> [DIRECTIONS]:
Among the entries below, copy every line that carries the word "Flared".

> [DATA FOR PROCESSING]:
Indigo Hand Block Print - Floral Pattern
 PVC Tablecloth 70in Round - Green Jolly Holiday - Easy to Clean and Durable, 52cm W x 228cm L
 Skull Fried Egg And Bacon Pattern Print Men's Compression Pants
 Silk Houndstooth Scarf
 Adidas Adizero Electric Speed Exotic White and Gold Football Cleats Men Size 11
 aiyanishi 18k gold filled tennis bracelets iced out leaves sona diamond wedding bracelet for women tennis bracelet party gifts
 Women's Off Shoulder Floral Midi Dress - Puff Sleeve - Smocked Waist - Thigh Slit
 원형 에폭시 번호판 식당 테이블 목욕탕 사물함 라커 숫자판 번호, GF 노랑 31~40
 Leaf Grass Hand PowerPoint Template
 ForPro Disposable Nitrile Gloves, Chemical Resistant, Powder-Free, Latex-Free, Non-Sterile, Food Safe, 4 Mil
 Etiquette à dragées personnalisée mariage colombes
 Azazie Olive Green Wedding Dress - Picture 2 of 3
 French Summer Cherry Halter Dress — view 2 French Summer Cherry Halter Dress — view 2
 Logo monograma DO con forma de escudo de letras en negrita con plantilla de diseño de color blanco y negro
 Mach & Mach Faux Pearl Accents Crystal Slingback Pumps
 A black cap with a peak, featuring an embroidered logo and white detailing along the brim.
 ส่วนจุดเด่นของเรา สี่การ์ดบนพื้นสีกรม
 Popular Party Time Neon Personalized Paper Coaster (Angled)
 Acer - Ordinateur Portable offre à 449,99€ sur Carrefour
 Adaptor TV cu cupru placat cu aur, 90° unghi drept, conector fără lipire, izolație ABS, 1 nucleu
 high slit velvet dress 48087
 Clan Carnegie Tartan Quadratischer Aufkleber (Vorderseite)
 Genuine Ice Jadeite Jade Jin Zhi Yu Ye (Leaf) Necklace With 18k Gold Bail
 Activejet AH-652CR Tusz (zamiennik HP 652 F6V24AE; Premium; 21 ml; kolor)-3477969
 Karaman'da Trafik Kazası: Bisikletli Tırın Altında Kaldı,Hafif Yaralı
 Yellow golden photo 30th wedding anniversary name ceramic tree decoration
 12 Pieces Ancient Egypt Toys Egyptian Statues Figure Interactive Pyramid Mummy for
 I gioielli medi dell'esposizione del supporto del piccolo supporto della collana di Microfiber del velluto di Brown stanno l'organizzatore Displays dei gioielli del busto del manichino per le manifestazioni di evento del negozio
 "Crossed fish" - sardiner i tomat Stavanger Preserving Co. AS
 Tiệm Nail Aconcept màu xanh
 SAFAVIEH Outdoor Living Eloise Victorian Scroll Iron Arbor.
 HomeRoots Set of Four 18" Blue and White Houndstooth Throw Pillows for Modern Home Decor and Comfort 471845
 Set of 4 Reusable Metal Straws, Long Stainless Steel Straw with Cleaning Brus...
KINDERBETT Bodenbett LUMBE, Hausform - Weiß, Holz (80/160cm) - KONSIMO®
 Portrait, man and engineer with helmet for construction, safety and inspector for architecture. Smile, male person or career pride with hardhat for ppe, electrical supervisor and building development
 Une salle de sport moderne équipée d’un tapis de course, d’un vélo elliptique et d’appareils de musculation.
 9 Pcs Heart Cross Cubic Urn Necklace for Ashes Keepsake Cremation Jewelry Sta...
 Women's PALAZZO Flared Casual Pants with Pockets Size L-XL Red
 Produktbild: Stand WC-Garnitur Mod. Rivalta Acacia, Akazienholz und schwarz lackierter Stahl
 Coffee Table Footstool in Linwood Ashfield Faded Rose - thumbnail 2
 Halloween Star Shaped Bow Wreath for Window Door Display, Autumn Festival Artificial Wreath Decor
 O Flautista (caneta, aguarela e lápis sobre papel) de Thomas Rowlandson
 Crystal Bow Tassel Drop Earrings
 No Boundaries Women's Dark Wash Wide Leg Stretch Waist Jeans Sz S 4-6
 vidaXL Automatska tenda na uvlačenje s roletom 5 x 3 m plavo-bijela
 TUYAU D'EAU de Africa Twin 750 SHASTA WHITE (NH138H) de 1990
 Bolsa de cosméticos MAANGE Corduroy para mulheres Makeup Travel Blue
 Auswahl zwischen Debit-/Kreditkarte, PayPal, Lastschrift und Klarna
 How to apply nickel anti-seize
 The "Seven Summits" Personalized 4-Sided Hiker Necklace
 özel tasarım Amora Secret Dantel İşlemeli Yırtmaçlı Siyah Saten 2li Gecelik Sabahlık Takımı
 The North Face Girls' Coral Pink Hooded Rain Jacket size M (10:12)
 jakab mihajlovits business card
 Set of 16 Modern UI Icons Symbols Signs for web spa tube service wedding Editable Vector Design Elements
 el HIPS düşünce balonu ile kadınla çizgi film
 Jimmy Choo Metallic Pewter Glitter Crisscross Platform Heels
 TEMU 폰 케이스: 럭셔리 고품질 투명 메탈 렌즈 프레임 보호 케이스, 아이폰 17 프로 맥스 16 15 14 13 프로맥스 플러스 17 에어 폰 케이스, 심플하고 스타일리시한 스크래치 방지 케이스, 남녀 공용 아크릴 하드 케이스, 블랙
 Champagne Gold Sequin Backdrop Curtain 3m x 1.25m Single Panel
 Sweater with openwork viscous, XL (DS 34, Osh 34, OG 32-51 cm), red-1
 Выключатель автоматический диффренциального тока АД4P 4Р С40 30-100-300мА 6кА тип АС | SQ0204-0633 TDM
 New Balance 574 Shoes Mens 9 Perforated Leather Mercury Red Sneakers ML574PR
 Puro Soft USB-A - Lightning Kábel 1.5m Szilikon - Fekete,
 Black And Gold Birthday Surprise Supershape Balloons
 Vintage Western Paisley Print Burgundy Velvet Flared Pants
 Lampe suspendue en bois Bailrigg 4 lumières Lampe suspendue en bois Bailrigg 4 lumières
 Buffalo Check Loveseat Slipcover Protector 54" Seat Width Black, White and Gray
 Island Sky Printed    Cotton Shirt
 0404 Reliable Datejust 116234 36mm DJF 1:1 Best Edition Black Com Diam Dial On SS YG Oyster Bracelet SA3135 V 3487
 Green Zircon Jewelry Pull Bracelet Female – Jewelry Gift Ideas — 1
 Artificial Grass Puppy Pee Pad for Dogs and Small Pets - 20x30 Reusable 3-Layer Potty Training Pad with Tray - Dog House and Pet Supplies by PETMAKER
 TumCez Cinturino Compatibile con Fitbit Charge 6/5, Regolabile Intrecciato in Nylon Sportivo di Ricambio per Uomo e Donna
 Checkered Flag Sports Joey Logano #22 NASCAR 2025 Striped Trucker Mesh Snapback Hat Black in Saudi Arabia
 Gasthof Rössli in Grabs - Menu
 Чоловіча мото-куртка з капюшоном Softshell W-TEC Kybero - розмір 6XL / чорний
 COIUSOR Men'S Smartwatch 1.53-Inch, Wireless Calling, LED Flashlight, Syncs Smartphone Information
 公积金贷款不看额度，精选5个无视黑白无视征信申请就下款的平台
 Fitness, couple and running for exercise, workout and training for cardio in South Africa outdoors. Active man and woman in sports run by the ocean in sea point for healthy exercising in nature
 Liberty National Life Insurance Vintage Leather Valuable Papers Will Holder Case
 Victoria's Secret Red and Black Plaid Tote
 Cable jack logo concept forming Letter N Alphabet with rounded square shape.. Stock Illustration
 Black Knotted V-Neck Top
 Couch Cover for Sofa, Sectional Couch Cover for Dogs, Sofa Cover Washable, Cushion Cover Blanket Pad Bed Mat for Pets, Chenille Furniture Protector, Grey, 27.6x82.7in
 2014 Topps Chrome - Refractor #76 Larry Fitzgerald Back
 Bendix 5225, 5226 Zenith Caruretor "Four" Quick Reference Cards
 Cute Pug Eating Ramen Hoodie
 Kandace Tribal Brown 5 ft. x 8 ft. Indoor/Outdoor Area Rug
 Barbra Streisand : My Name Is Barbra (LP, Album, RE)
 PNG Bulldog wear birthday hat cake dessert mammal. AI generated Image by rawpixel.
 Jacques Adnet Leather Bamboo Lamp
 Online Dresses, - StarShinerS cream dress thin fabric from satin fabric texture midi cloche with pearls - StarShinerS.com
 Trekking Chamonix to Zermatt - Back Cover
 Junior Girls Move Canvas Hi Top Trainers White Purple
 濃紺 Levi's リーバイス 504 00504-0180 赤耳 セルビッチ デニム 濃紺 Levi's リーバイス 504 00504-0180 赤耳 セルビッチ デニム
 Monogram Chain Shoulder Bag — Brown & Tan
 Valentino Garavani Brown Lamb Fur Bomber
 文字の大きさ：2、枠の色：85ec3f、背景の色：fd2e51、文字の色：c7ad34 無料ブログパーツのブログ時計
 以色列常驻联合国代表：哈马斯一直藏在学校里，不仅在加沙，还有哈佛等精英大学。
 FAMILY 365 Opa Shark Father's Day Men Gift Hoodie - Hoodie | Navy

> [WRITTEN ANSWER]:
 Women's PALAZZO Flared Casual Pants with Pockets Size L-XL Red
 Vintage Western Paisley Print Burgundy Velvet Flared Pants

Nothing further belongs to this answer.